Mail filtering nowadays

Rspamd has been started to handle mail flows that has grown over the last decade by more than ten times. From its inception, Rspamd has been tailored to address the demands of high-traffic mail systems, with a primary focus on optimizing performance and scanning speed. This advanced spam filtering system is written in plain C language and employs numerous techniques to operate efficiently, particularly on contemporary hardware. On the other hand, it is possible to run Rspamd even on an embedded device with a very constrained environment.

You can also check the recent performance analyse article to have a better impression about how fast Rspamd could be.

Rspamd can be regarded as a significantly faster alternative to the SpamAssassin mail filter, with the capability to process ten times the number of messages while using the same rules (via the SpamAssassin plugin). The following graph illustrates how the transition from SA to Rspamd has reduced CPU loads on scanning machines:

For faster email processing, Rspamd uses a set of global and local optimization techniques.

Global optimizations

Global optimizations are employed to enhance the overall message processing, improving the performance of all filters and organizing checks in an optimal sequence.

  • Event-driven architecture enables Rspamd to execute network and other time-consuming requests concurrently in the background, enabling the processing of other messages while awaiting responses:

  • Rules reordering is implemented to reduce message processing time. Rspamd prioritizes the inspection of rules with higher weight, shorter execution time, and a higher hit rate. Furthermore, Rspamd ceases processing when a message surpasses the spam threshold since additional checks are probably unnecessary.

Local optimizations

Rspamd employs various techniques to enhance the efficiency of each individual message processing stage. These improvements are achieved through the application of local optimization methods:

  • AST optimizations are employed to eliminate redundant checks from rules. You can delve into further details about this technique by perusing these slides.

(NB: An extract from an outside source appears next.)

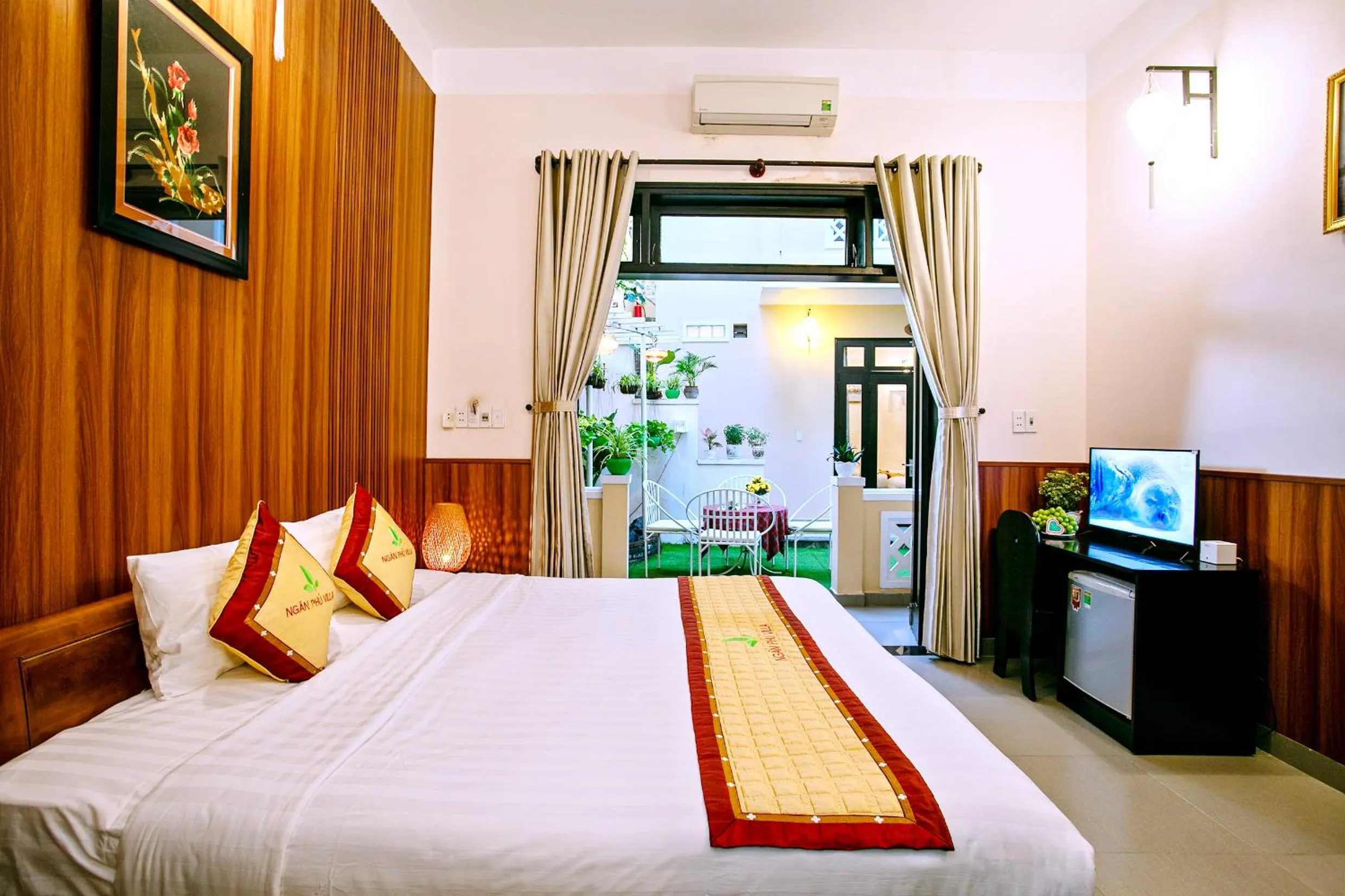 Bed in Ngan Phu Villa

  • In contrast to SA, Rspamd utilizes specific state machines for parsing email components such as MIME structures, HTML elements, URLs, images, received headers, and more. This approach allows for the swift extraction of information from emails, bypassing unnecessary details, rather than relying on an extensive array of regular expressions for these tasks.

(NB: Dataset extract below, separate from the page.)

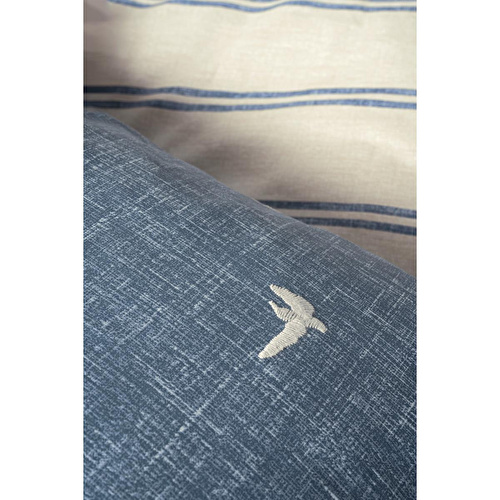 Cotton Box Klein Nakışlı Ranforce Çift Kişilik Nevresim Takımı Ceria Lacivert Cotton Box Klein Nakışlı Ranforce Çift Kişilik Nevresim Takımı Ceria Lacivert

  • The Rspamd system harnesses the Hyperscan engine to process extensive sets of regular expressions expeditiously. Unlike traditional regex engines, Hyperscan can process multiple expressions simultaneously. You can explore the finer intricacies of Hyperscan through these informative slides.

  • Assembly snippets are utilized to optimize specific algorithms for targeted architectures. Rspamd leverages assembly for frequently used cryptography and hashing algorithms. It selects the appropriate code version at runtime, based on CPU instruction set support tests.